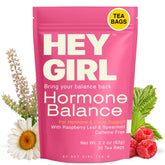 Hey Girl Tea Hormone Balance tea bags for daily ritual supporting cycle comfort and mood.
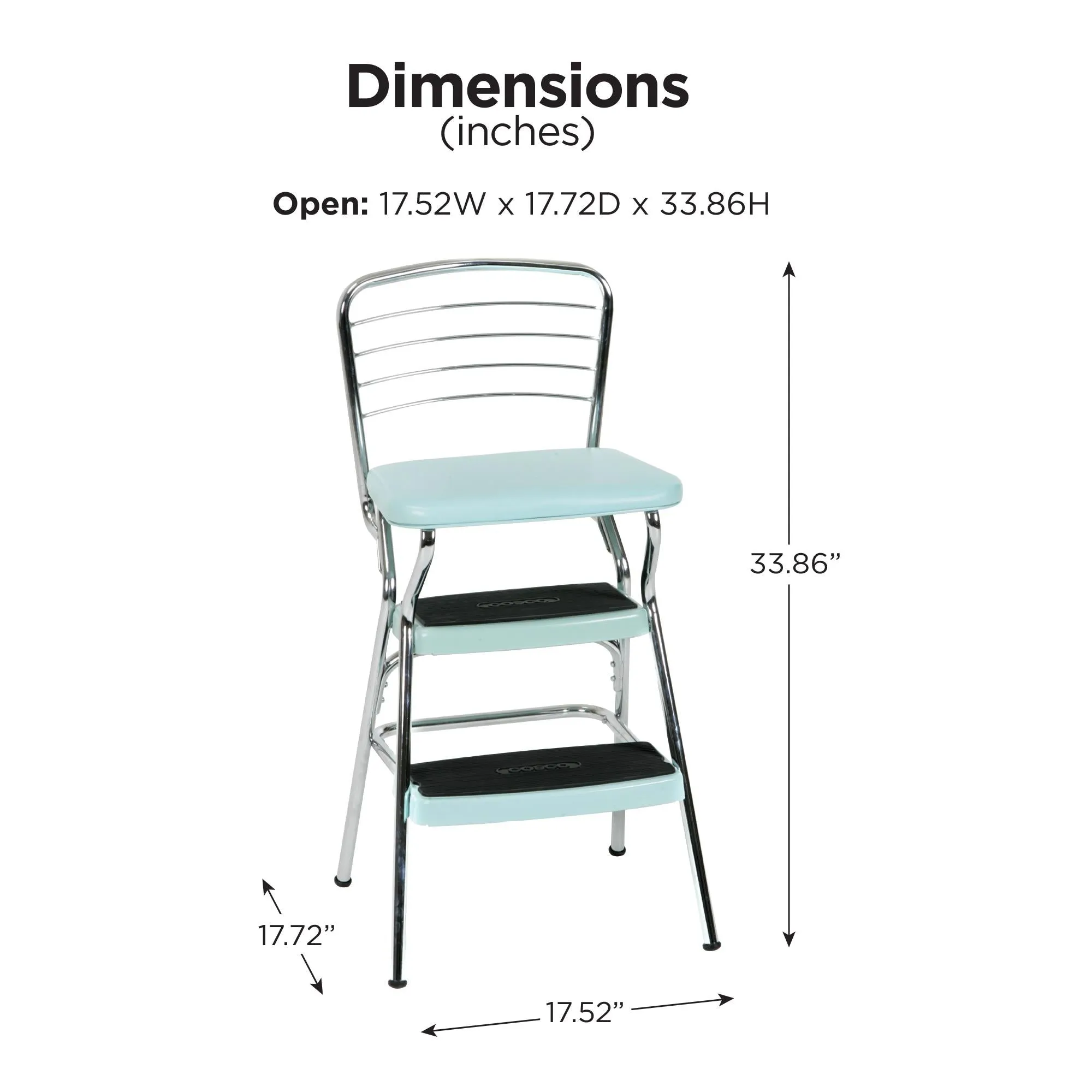 Stylaire Retro Chair   Step Stool with Flip-Up Seat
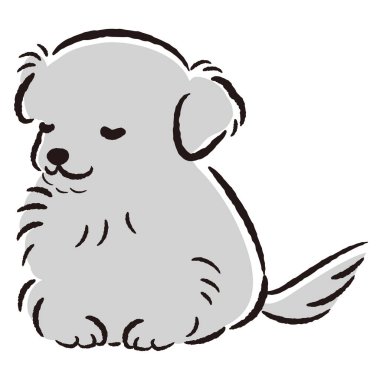 El çizimi, rahat ve sevimli bir köpek. Sert ve şık bir izlenim. Vektör illüstrasyonu.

Work item: Without including any pictures, reproduce the listing exactly.

Response to this task:
 Hey Girl Tea Hormone Balance tea bags for daily ritual supporting cycle comfort and mood.
 Stylaire Retro Chair   Step Stool with Flip-Up Seat
 El çizimi, rahat ve sevimli bir köpek. Sert ve şık bir izlenim. Vektör illüstrasyonu.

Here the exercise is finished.